A blog in a subdirectory or subdomain lets you play a little. The amount of tweaking you can do to a product listing or category structure is limited. Use the blog as a strategic tool to bring in hits and direct search engine traffic.
Who Exactly Are Your Competitors
A great question to ask. We started out thinking that locksmiths and window installers anywhere were our competitors. Not so. We sell parts and we sell them to installers just as much a do-it-yourselfers. So we built a site connected to ours where installers can list their businesses. It helps them. It helps us. And it helps customers who bought a part and have no clue what to do with it.
And a lot of the times, your vendor is not your competitor. If you sell a lot of their products, give them a call and tell them a link from their site will help you sell more of their products.
Mimic More Competitive Industries
If it was easy to get your site where it is, it's not going to be for long. And you have just learned that there is really not much to learn from your direct competitors. Follow them so far. See where they get their links.

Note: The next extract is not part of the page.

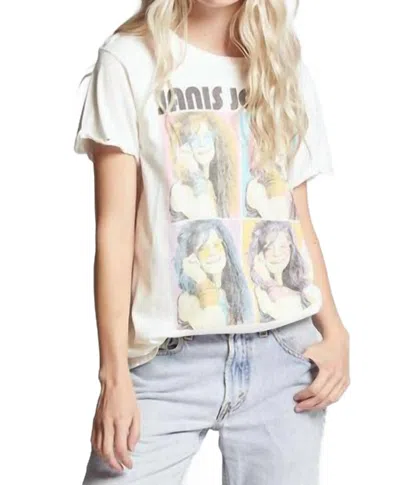Recycled Karma Janis Joplin Portrait Tee In Pearl In Neutral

But then choose another industry. As an affiliate, I always followed porn, online gambling and home loans to name a few. Not that I was going to promote those products. But I figured if I used their techniques to promote what I was promoting, I would be ahead of affiliates in my niche.
Be an Early Adopter
There are new technologies coming out daily. You can be the first or you can cry when you are the last. Just because your niche is not tech related does not mean that the cutting edge technologies won't help you. Take a few leaps.